En 2020, Enedis met en place un comité de pilotage national composé de directeurs, assistants sociaux, préventeurs, juristes… « La lutte contre les pratiques addictives, intégrée dans la politique santé sécurité du groupe, a beaucoup évolué, témoigne Olivier Terral, directeur prévention, santé, sécurité d’Enedis. De par nos métiers techniques et un certain esprit de corps, nous avions observé, vis-à-vis de l’alcool, des usages collectifs liés à l’intervention terrain, avec parfois un côté initiatique. Le renouvellement générationnel s’est accompagné de nouveaux rapports aux conduites addictives : augmentation de la consommation de cannabis ou encore de pratiques comportementales – hyperconnectivité, surcharge mentale liée à l’abus de réseaux sociaux ou de jeux en ligne… –, qui peuvent engendrer des problèmes menant jusqu’à la désinsertion professionnelle. »

Croiser les regards

« C’est Amélie qui nous a mis en lien avec la Mission interministérielle de lutte contre les drogues et les conduites addictives (Mildeca), avec laquelle nous nous sommes engagés en 2021 en signant la charte Esper », indique Olivier Magnan, pilote opérationnel de la démarche prévention des pratiques addictives chez Enedis. Le dispositif « Les entreprises et les services publics s’engagent résolument » (Esper) a vocation à mobiliser les acteurs du milieu professionnel pour la prévention des conduites addictives autour d’un engagement (une charte en définit les principes et des ressources sont mises à la disposition des signataires).

Les industries électriques et gazières ont la particularité d’avoir un service de santé au travail autonome et un service social autonome, avec des professionnels de santé et des acteurs sociaux en proximité avec les métiers. « Nous travaillons sur la multidisciplinarité avec ces acteurs afin de croiser les regards, de faciliter une prise en charge globale, sans laisser le manager seul », reprend le préventeur.

FORMER EN LOCAL

« Nous avons conduit un projet sur trois ans pour sensibiliser 850 agents, avec les services de santé au travail, les ressources humaines, l’assistante sociale et les représentants du personnel », affirme Danièle Mirande-Rey, responsable prévention, santé, sécurité à la direction régionale d’Enedis Pyrénées et Landes.
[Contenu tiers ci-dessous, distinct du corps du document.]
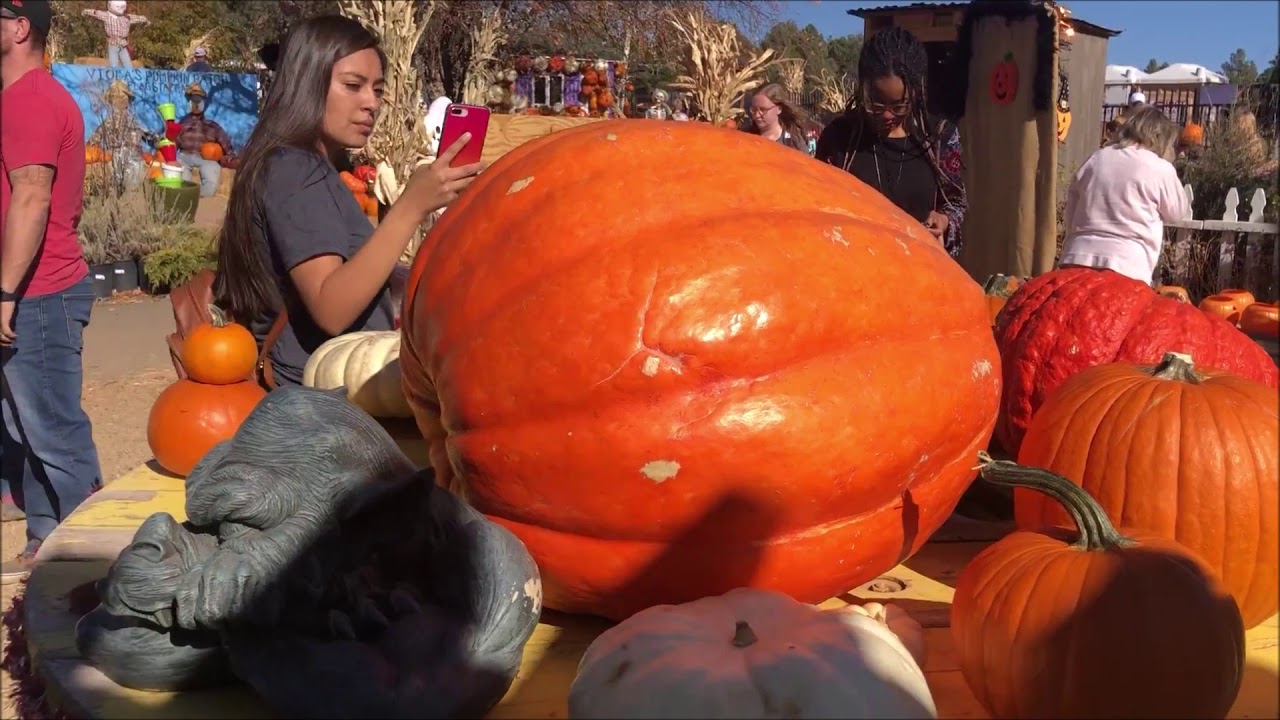 Viola's Pumpkin Patch Adventure YouTube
Cela a débuté en 2018, quelques mois après un accident grave impliquant une consommation d’alcool. « Il s’agissait d’une journée complète pour les managers, d’une demi-journée pour les agents et d’un groupe multi-acteurs pour sensibiliser aux différentes addictions, précise Jean-Marc Lacassagne, responsable de l’agence intervention des Hautes-Pyrénées. On a tous eu à gérer quelqu’un qui n’est pas dans son état normal. Des supports d’aide à la prise en charge ont été conçus pour les managers. » « Les sensibilisations se sont achevées en 2021. Nous poursuivons l’animation à travers des points sécurité sur le CBD ou encore l’hyperconnectivité », complète Danièle Mirande-Rey.
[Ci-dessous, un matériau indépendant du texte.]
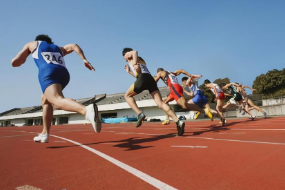 運動訓(xùn)練—<em>田徑</em>（<em>圖</em><em>2</em>）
Ces cercles multiacteurs agissent au niveau national pour proposer des outils, une feuille de route, mais également en proximité au sein des 25 directions régionales. « Nous menons de grandes campagnes de sensibilisation, déployons des kits, comme récemment sur le cannabidiol (CBD), afin de sensibiliser l’ensemble du corps managérial, poursuit Olivier Terral. Dans certaines unités, des actions ciblées sont menées. Un numéro de téléphone anonyme a été mis en place, avec des psychologues qui répondent aux salariés vulnérables et peuvent les orienter vers des professionnels de santé. » « Localement, on diffuse les informations lors de réunions de sécurité, dans notre newsletter ou via des écrans dynamiques, afin de toucher tous les publics », évoque Danièle Mirande-Rey, responsable prévention, santé, sécurité à la direction régionale Pyrénées et Landes.

Sur le terrain, la question du cannabis reste délicate. « L’an dernier, un guide pour les managers a été déployé pour donner des repères quant à l’attitude à adopter lorsqu’une personne a un comportement inhabituel, explique Olivier Magnan. Le sujet touche à la sphère personnelle et, souvent, le tabou est là. » En 2021, en amont du déploiement du kit de sensibilisation au CBD, les ressources humaines et l’ensemble des personnels des services de santé au travail ont été sensibilisés. Au sein des unités, on suggère une présentation par un manager et un professionnel de santé, lors des réunions d’équipe ou des quarts d’heure sécurité.

Coller aux nouveaux modes de travail

Autre axe fort : ne pas se limiter aux addictions avec substances. « Les managers ont été fortement mobilisés pendant la crise sanitaire et exposés à l’hyperconnectivité, avec une multiplication de sollicitations liées aux nouveaux modes de travail (groupes WhatsApp multiples, travail à domicile en dehors des plages horaires…). Certains sont épuisés », alerte Olivier Magnan. Enedis vient de signer un accord sur le droit à la déconnexion, qui s’est accompagné d’un temps fort d’animations pendant une semaine en mars 2022.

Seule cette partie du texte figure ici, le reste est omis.